Jiang Zemin (b. 17 Aug. 1926). President of the People's Republic of China 1993–2002 Born at Yangszhou (Jiangsu), he joined the Chinese
Communist Party (
CCP) in 1946 and studied electrical engineering at Jiaotong University. He became a trainee at a motor vehicle plant in Moscow in 1955, and returned in 1956 to become director of one in China. He joined the Ministry of Machine-Building Industries (1962–70), but was purged in the
Cultural Revolution. As a protégé of
Deng Xiaoping, his career ascended swiftly after the death of
Mao Zedong in 1976. By 1985 he was Minister for Electronic Industries. In 1988 he became mayor and local CCP leader of China's biggest commercial centre, Shanghai. In this office he was relatively colourless. However, in the wake of the
Tiananmen Square massacre his apparent lack of political ambition made him acceptable to the different factions of the party.
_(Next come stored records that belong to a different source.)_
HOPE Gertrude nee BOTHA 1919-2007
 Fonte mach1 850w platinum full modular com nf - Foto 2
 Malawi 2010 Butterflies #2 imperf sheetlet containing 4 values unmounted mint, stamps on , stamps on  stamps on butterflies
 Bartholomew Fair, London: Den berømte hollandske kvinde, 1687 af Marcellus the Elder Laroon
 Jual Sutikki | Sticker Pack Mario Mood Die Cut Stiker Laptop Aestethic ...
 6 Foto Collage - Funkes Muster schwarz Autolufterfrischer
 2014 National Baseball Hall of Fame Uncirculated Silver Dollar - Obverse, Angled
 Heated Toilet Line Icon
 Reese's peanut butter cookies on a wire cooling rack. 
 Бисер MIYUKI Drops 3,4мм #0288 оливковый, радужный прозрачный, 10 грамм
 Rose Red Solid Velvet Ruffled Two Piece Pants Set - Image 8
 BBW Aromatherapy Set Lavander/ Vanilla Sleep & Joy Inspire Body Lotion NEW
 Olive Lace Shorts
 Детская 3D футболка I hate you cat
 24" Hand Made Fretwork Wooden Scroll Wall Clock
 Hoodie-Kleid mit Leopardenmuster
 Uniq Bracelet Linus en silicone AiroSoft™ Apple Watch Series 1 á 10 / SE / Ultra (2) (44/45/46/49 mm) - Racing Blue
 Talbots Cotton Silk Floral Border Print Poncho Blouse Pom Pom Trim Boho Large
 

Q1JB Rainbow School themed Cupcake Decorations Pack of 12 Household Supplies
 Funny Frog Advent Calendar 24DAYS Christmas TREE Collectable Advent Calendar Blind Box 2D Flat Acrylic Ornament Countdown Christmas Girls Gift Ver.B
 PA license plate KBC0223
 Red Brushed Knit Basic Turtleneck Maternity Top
He became a compromise candidate for the post of General Secretary of the CCP, to which he was elected on 24 June 1989. Thereafter, he was concerned with concentrating as much power as possible in his own hands, in anticipation of the ageing Deng's inevitable decline. In November 1989, he became chairman of the Central Military Commission of the CCP. On 27 March 1993, he was elected President. Until his death, Deng remained the ultimate source of appeal and authority, but during the 1990s Jiang occupied the three most powerful positions in the country, and in this sense became China's most powerful leader since Mao Zedong. His encouragement of economic competition and planned liberalization of the country's economy led to substantial growth rates throughout the 1990s. However, they also provided for an increasing differential between a bloated publicly-owned economy and thriving private enterprises. This in turn increased frictions within urban society, and within town and countryside. These disparities were due to increase with China's entry into the
WTO and the opening up of its economic markets in late 2001. He was succeeded as President and as leader of the CCP by Hu Jintao, but remained powerful as chairman of the Central Military Commission.